Makan siang udah tersaji, keliru satu menu yang menggoda adalah olahan ikan dengan aneka bumbu yang dihidangkan indah di atas kulit kol dengan piring besar. Ada belasan ikan dengan ukuran tengah yang dihidangkan. Ikan-ikan berikut adalah hasil memancing Bang HS sepanjang di kapal. Ya, bagi yang puas memancing, perjalanan laut di Labuan Bajo akan merasa semakin menyenangkan.

Biasanya kami makan sambil kapal bergerak mengarungi lautan. Tapi kali ini berbeda, awak kapal meminta kami menyudahi makan terutama pernah sebelum saat mesin dinyalakan. Katanya gelombang semakin tinggi. Akan lebih baik kecuali kami menuntaskan makan daripada seisi meja berantakan sebab gelombang dapat menerjang sewaktu-waktu.

Perjalanan ulang ke Dermaga Labuan Bajo, tempat kami mengawali perjalanan, perlu saat sekira tiga jam kurang. Tepat tengah hari nahkoda menyalakan mesin, mengawali perjalanan pulang.

Sejak awal keberangkatan gelombang tinggi udah terasa, guncangan-guncangannya lebih intens berasal dari biasa. Makin lama semakin terasa. Kata pemandu wisata kami, Januari – Februari gelombang laut sebenarnya tengah tinggi-tingginya.

Di dek katas kapal yang menghadap bagian depan, tingginya gelombang nampak lebih nyata. Kita dapat menyaksikan bagian depan kapal miring ke kanan dan ke kiri saat kapal membelah gelombang. Membuat kami mesti berpegangan lebih erat.

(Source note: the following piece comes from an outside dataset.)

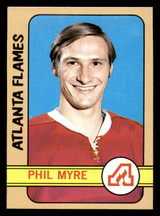 1972-73 Topps #109 Phil Myre Near Mint RC Rookie 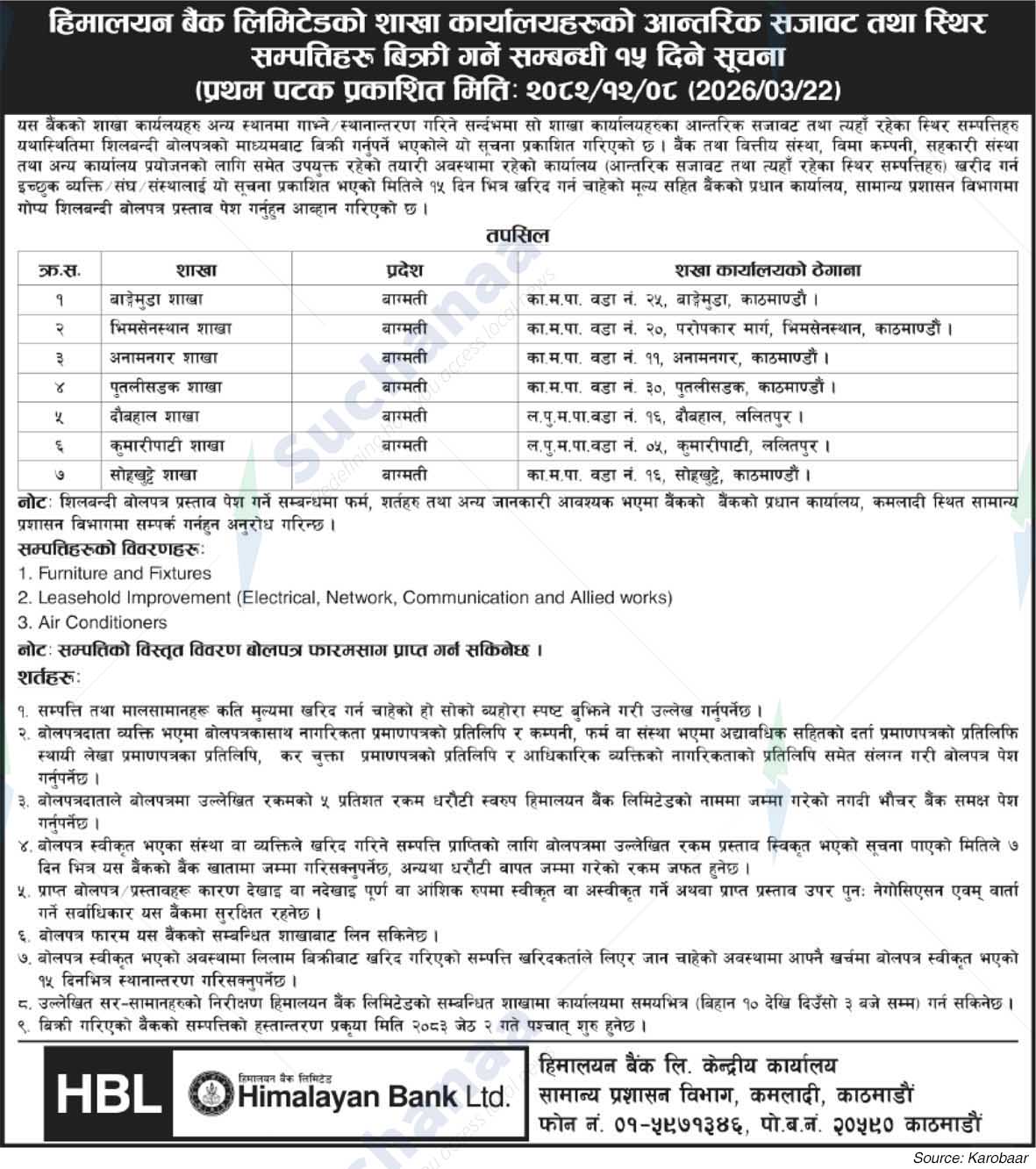 Himalayan Bank Limited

Kang Andi Ahmadi, GM Radar Bekasi, merasakan betul ganasnya gelombang. Saat akan naik ke dek kapal join dengan kami, kapal tiba-tiba limbung tak henti-hentinya. Pria asal Jasinga, Kabupaten Bogor ini menghentikan langkah, merubah posisinya yang pada mulanya berdiri menjadi jongkok. Tangannya erat memegang tiang di ujung tangga.

Jarak tempatnya berpegangan dengan kami tak jauh, hanya sekira tiga hingga empat meter. Kami saling berhadapan. Kapal konsisten terombang-ambing, membuatnya tak berani melanjutkan langkah. Faturohman S Kanday, Direktur pojokbogor.id yang karib disapa Bang Fatur, memintanya menyambut handuk di tangannya. Berharap Kang Andi dapat berpegangan sehingga tak terhempas saat melangkah.

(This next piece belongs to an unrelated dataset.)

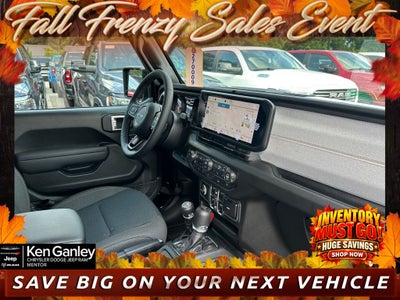 2027 Jeep Wrangler Sport S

Nyatanya, Kang Andi tetap cemas berdiri. Dia mencapai ujung handuk yang ujung satunya tetap digenggaman Bang Fatur dengan posisi belutut. Seketika handuk itu ditarik dan menyeret Kang Andi ke posisi kami. Situasi yang menegangkan namun lucu. Tawa kami nampak tak terbendung menyaksikan adegan itu.

Setelah Kang Andi bergabung, kami ulang nikmati kapal terombang-ambing tepat di depan kemudi nahkoda. Memandangi naik turun gelombang saat bertabrakan dengan ujung kapal yang menimbulkan bunyi deburan seperti ombak.

“Akhirnya sampai”. Kata-kata itu mewakili perasaan tenang kami saat dermaga yang dipenuhi kapal beraneka ukuran merasa terlihat. Hamparan kapal beraneka ukuran semakin dekat. Hujan turun menyambut kehadiran kami. Tuntas perjalanan tiga hari dua malam mengarungi surge kecil bernama Labuan Bajo.

Dari dermaga, kami bertolak gunakan bus ke Hotel Loccal Collection. Hotel yang lumayan ngehits di Labuan Bajo dengan konsepnya yang unik seperti di Santorini, Yunani. Tempat paling akhir kami berkunjung semalaman sebelum saat amat meninggalkan Labuan Bajo. Membawa pulang terpesona akan keindahaan alam dan pengalaman perjalanan yang tak terbayarkan.